TO DO → Please give again, exactly, every line of the material from the one containing "Pitlock Pitlock Single Set M10 - Silber." to the end, including both of those lines.

EXERCISE INPUT →
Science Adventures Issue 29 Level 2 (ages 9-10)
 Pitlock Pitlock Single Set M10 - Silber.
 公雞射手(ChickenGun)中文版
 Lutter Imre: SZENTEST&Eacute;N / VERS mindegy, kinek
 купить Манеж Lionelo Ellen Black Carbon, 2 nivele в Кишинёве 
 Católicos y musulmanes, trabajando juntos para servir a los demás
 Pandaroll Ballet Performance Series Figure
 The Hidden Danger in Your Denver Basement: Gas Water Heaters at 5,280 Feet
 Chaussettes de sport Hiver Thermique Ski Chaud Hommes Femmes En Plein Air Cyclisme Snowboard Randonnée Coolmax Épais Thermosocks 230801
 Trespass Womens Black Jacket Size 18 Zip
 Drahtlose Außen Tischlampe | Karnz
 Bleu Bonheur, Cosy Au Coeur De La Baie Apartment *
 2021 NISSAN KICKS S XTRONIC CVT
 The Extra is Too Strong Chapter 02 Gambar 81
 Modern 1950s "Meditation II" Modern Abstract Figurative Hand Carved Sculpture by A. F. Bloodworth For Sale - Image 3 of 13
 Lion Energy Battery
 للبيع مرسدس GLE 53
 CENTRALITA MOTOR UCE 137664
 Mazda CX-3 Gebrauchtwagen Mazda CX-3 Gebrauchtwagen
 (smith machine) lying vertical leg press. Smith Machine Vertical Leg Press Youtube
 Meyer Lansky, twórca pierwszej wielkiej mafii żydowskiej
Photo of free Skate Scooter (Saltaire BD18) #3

YOUR SOLUTION →
 Pitlock Pitlock Single Set M10 - Silber.
 公雞射手(ChickenGun)中文版
 Lutter Imre: SZENTEST&Eacute;N / VERS mindegy, kinek
 купить Манеж Lionelo Ellen Black Carbon, 2 nivele в Кишинёве 
 Católicos y musulmanes, trabajando juntos para servir a los demás
 Pandaroll Ballet Performance Series Figure
 The Hidden Danger in Your Denver Basement: Gas Water Heaters at 5,280 Feet
 Chaussettes de sport Hiver Thermique Ski Chaud Hommes Femmes En Plein Air Cyclisme Snowboard Randonnée Coolmax Épais Thermosocks 230801
 Trespass Womens Black Jacket Size 18 Zip
 Drahtlose Außen Tischlampe | Karnz
 Bleu Bonheur, Cosy Au Coeur De La Baie Apartment *
 2021 NISSAN KICKS S XTRONIC CVT
 The Extra is Too Strong Chapter 02 Gambar 81
 Modern 1950s "Meditation II" Modern Abstract Figurative Hand Carved Sculpture by A. F. Bloodworth For Sale - Image 3 of 13
 Lion Energy Battery
 للبيع مرسدس GLE 53
 CENTRALITA MOTOR UCE 137664
 Mazda CX-3 Gebrauchtwagen Mazda CX-3 Gebrauchtwagen
 (smith machine) lying vertical leg press. Smith Machine Vertical Leg Press Youtube
 Meyer Lansky, twórca pierwszej wielkiej mafii żydowskiej
Photo of free Skate Scooter (Saltaire BD18) #3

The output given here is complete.